Now let's check out the implementation for swipe up gesture using the Java client:
public void swipeUp (final WebElement element, final int distance) {
final var start = getSwipeStartPosition (element);
final var end = getSwipeEndPosition (new Point (0, -1), element, distance);
final var finger = new PointerInput (PointerInput.Kind.TOUCH, "Finger 1");
final var sequence = new Sequence (finger, 0);
sequence.addAction (finger.createPointerMove (Duration.ofMillis (500), PointerInput.Origin.viewport (), start.getX (), start.getY ()));
sequence.addAction (finger.createPointerDown (PointerInput.MouseButton.LEFT.asArg ()));
sequence.addAction (new Pause (finger, Duration.ofMillis (500)));
sequence.addAction (finger.createPointerMove (Duration.ofMillis (300), PointerInput.Origin.viewport (), end.getX (), end.getY ()));
sequence.addAction (finger.createPointerUp (PointerInput.MouseButton.LEFT.asArg ()));
this.driver.perform (Collections.singletonList (sequence));
}The direction point (0, -1) moves the finger upward on the Y-axis. The helper methods getSwipeStartPosition and getSwipeEndPosition calculate coordinates based on element center or screen center and a distance percentage (1-100).
The swipe down implementation is mostly identical to the swipe up implementation we saw in the previous section. The only difference here is the direction point which is used in the swipe down. Let's see the main difference in the swipe down implementation:
final var direction = new Point (0, 1);The finger will be moving downwards when performing swipe down, this means that the Y-axis coordinates will increase to emulate the swipe down gesture.
Now let's check out how the swipe left gesture is implemented.

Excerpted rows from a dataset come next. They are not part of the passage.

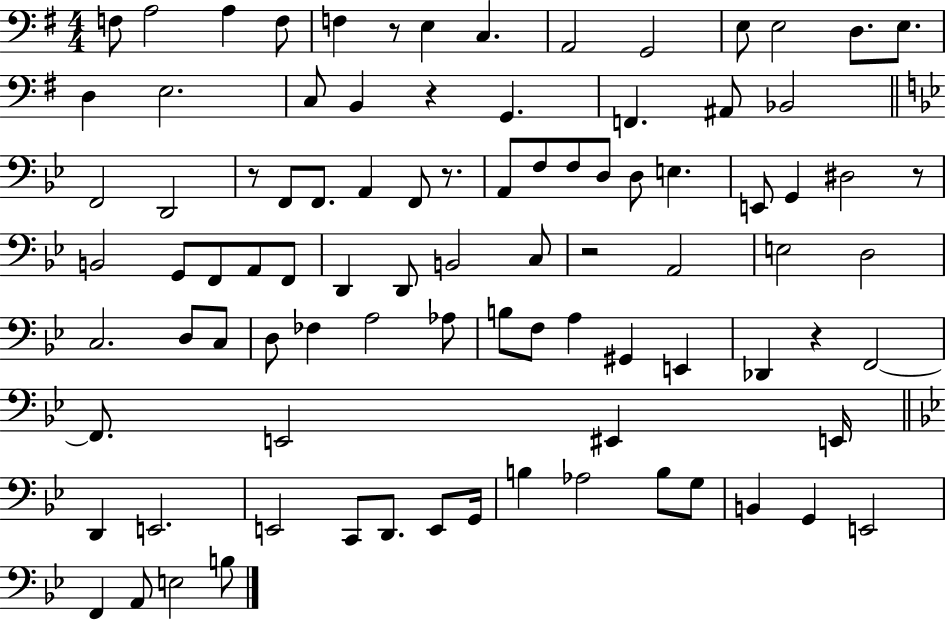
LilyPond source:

{
  \clef bass
  \numericTimeSignature
  \time 4/4
  \key g \major
  f8 a2 a4 f8 | f4 r8 e4 c4. | a,2 g,2 | e8 e2 d8. e8. | \break d4 e2. | c8 b,4 r4 g,4. | f,4. ais,8 bes,2 | \bar "||" \break \key bes \major f,2 d,2 | r8 f,8 f,8. a,4 f,8 r8. | a,8 f8 f8 d8 d8 e4. | e,8 g,4 dis2 r8 | \break b,2 g,8 f,8 a,8 f,8 | d,4 d,8 b,2 c8 | r2 a,2 | e2 d2 | \break c2. d8 c8 | d8 fes4 a2 aes8 | b8 f8 a4 gis,4 e,4 | des,4 r4 f,2~~ | \break f,8. e,2 eis,4 e,16 | \bar "||" \break \key g \minor d,4 e,2. | e,2 c,8 d,8. e,8 g,16 | b4 aes2 b8 g8 | b,4 g,4 e,2 | \break f,4 a,8 e2 b8 | \bar "|."
}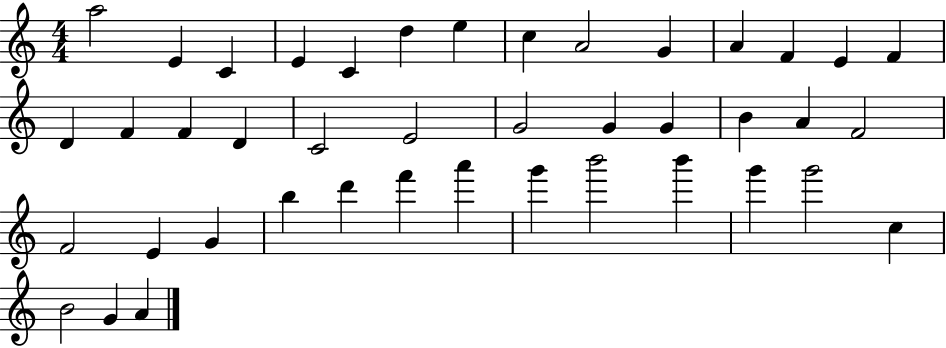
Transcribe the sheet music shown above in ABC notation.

X:1
T:Untitled
M:4/4
L:1/4
K:C
a2 E C E C d e c A2 G A F E F D F F D C2 E2 G2 G G B A F2 F2 E G b d' f' a' g' b'2 b' g' g'2 c B2 G A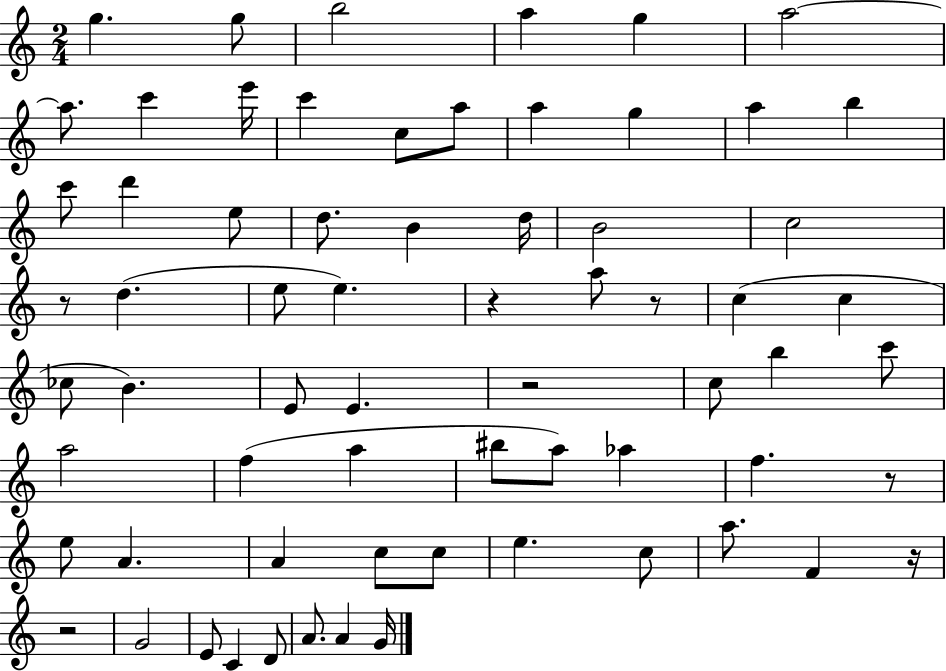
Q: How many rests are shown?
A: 7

final var direction = new Point (-1, 0);As you can see, the swipe direction point coordinate on the X-axis will be affected. The finger gesture will start at a particular point on the X-axis and will move towards the left by reducing the X-axis coordinate.

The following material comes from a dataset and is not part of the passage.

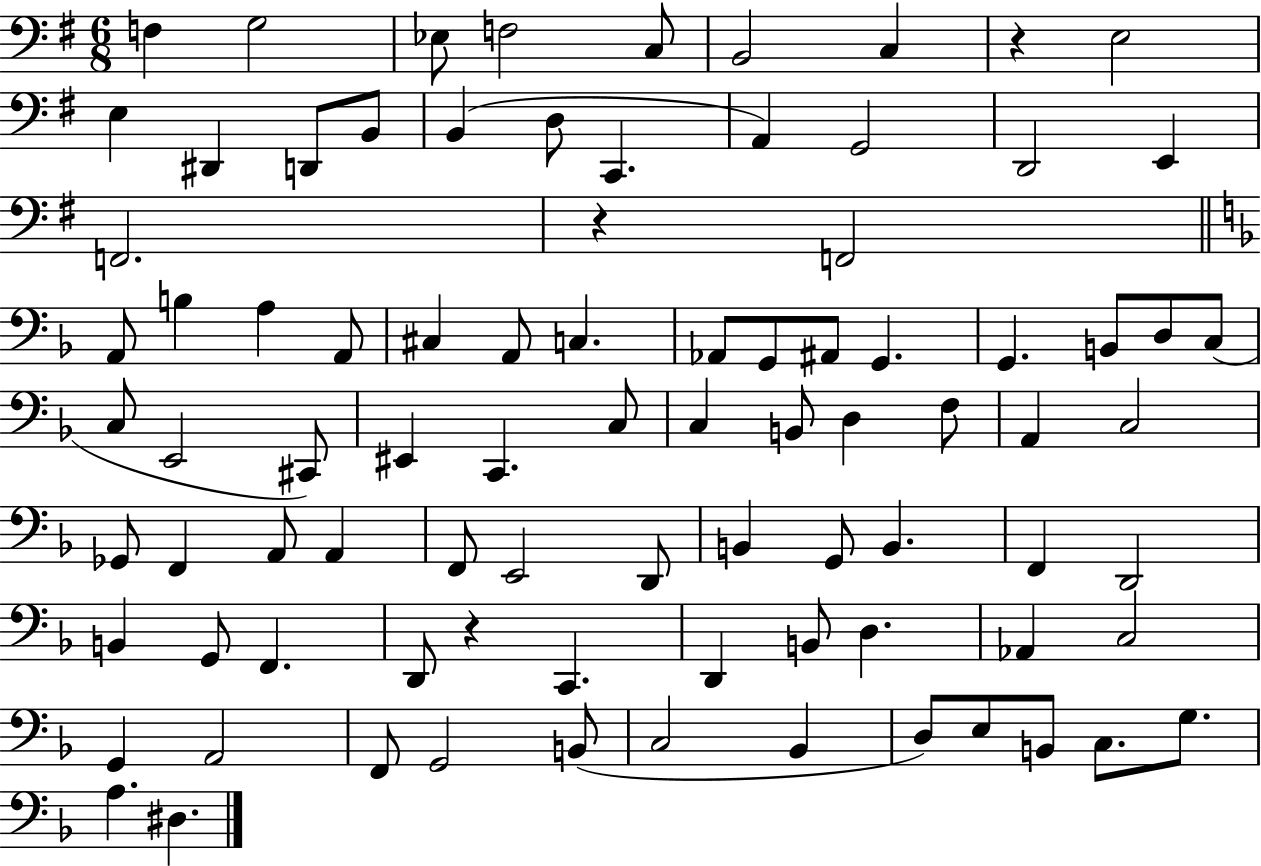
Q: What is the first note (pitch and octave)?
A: F3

Hence the direction X value is set as -1.
The swipe right gesture implementation is exactly identical to swipe left gesture, except for the direction point coordinate. Let's see what the exact differences in implementation are.
final var direction = new Point (1, 0);Since the gesture moves towards the right direction, this means that the finger gesture will start from a particular X-axis coordinate and move towards right by increasing the X-axis coordinate value, hence the direction X value is set as 1.
The drag and drop implementation is exactly the same as any swipe gesture. The only difference is that there are two elements, one which will be dragged and the other where the first element will be dropped.
public void dragDrop (final WebElement source, final WebElement target) {
final var sourceCenter = getElementCenter (source);
final var targetCenter = getElementCenter (target);
final var finger = new PointerInput (PointerInput.Kind.TOUCH, "Finger 1");
final var sequence = new Sequence (finger, 0);
sequence.addAction (finger.createPointerMove (Duration.ofMillis (500), PointerInput.Origin.viewport (), sourceCenter.getX (), sourceCenter.getY ()));
sequence.addAction (finger.createPointerDown (PointerInput.MouseButton.LEFT.asArg ()));
sequence.addAction (new Pause (finger, Duration.ofMillis (500)));
sequence.addAction (finger.createPointerMove (Duration.ofMillis (300), PointerInput.Origin.viewport (), targetCenter.getX (), targetCenter.getY ()));
sequence.addAction (finger.createPointerUp (PointerInput.MouseButton.LEFT.asArg ()));
this.driver.perform (Collections.singletonList (sequence));
}The source element center is the starting coordinate and the target element center is the ending coordinate for the drag and drop gesture.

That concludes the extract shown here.